Young women yearn for romance, for prince charming, and sometimes for more than one suitor. Those fantasies are reality for Kelsey Hayes, an eighteen-year-old American college student, who in an earlier book in Colleen Houck’s Tiger series, became involved with a pair of unusual brothers. The handsome young men are princes under an ancient spell that causes them to spend more than half their days as tigers.
Kelsey is in love with Ren, the romantic and poetic white tiger brother, but has great fondness and confused emotions for Kishan, the black tiger brother, who makes clear his passionate desires for her. In Tiger’s Curse, Kelsey spurned Ren, and now she has decided to return to the United States after her internship in India. To her delight, however, Ren arrives and jealously competes for her affections when he learns she’s been dating. Shortly after Kishan appears, the evil Lokesh, who is responsible for the curse, begins to pursue Kelsey and the brothers and manages to capture Ren.

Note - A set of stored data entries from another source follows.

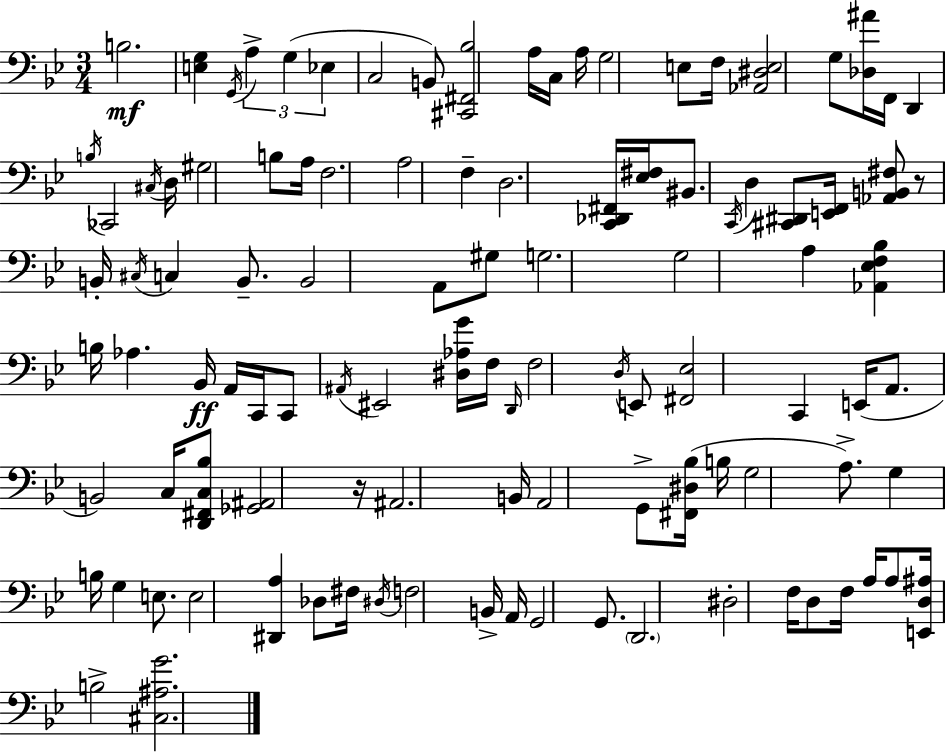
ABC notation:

X:1
T:Untitled
M:3/4
L:1/4
K:Gm
B,2 [E,G,] G,,/4 A, G, _E, C,2 B,,/2 [^C,,^F,,_B,]2 A,/4 C,/4 A,/4 G,2 E,/2 F,/4 [_A,,^D,E,]2 G,/2 [_D,^A]/4 F,,/4 D,, B,/4 _C,,2 ^C,/4 D,/4 ^G,2 B,/2 A,/4 F,2 A,2 F, D,2 [C,,_D,,^F,,]/4 [_E,^F,]/4 ^B,,/2 C,,/4 D, [^C,,^D,,]/2 [E,,F,,]/4 [_A,,B,,^F,]/2 z/2 B,,/4 ^C,/4 C, B,,/2 B,,2 A,,/2 ^G,/2 G,2 G,2 A, [_A,,_E,F,_B,] B,/4 _A, _B,,/4 A,,/4 C,,/4 C,,/2 ^A,,/4 ^E,,2 [^D,_A,G]/4 F,/4 D,,/4 F,2 D,/4 E,,/2 [^F,,_E,]2 C,, E,,/4 A,,/2 B,,2 C,/4 [D,,^F,,C,_B,]/2 [_G,,^A,,]2 z/4 ^A,,2 B,,/4 A,,2 G,,/2 [^F,,^D,_B,]/4 B,/4 G,2 A,/2 G, B,/4 G, E,/2 E,2 [^D,,A,] _D,/2 ^F,/4 ^D,/4 F,2 B,,/4 A,,/4 G,,2 G,,/2 D,,2 ^D,2 F,/4 D,/2 F,/4 A,/4 A,/2 [E,,D,^A,]/4 B,2 [^C,^A,G]2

Kelsey and Kishan, aided by Mr. Kadam, embark on an incredible search for Ren. They follow a riddle-like prophecy that takes them through India to Tibet and Shangri-La.
Houck’s knowledge of literature and mythology from many cultures becomes part of the high-action drama. In lesser hands, the combination of sweet sylvan faeries, giant bats, iron birds, and a Divine Scarf that can weave anything in an instant, would flounder in absurdity. Houck, however, pulls these elements together and even educates readers as old myths and stories become part of her imaginative tale. For example, the Norse god Odin had pet ravens that stole things for him, including thoughts and memories. Shortly after the characters discuss that story, they encounter thieving ravens and the myth becomes part of the plot, as do others, such as Odysseus’ bag of winds.
The story is enlivened by creative similes. For example, Houck writes, “[leaves as long as my body] slapped against the branches like stiff clothes on a clothesline,” and, “Something was dragging across the surface of my mind like a squeegee over soapy glass.”
Although the lengthy story is charged with action and stolen kisses, there are moments of humor as Houck describes the brothers’ tiger-like appetites and behavior, as well as a fairy makeover.
The smart characters often have reflective moments and discussions about the difference between types of love and friendship between men and women, and what qualities cause a person to love one individual over another. Cat lovers will understand the moments of tiger love that Kelsey has for the brothers when they are not in human form.
Houck masterfully integrates key elements from her first book into this one. The final chapters are a surprise, cleverly paving the way for the next book in the series. Tiger’s Quest is indeed magic.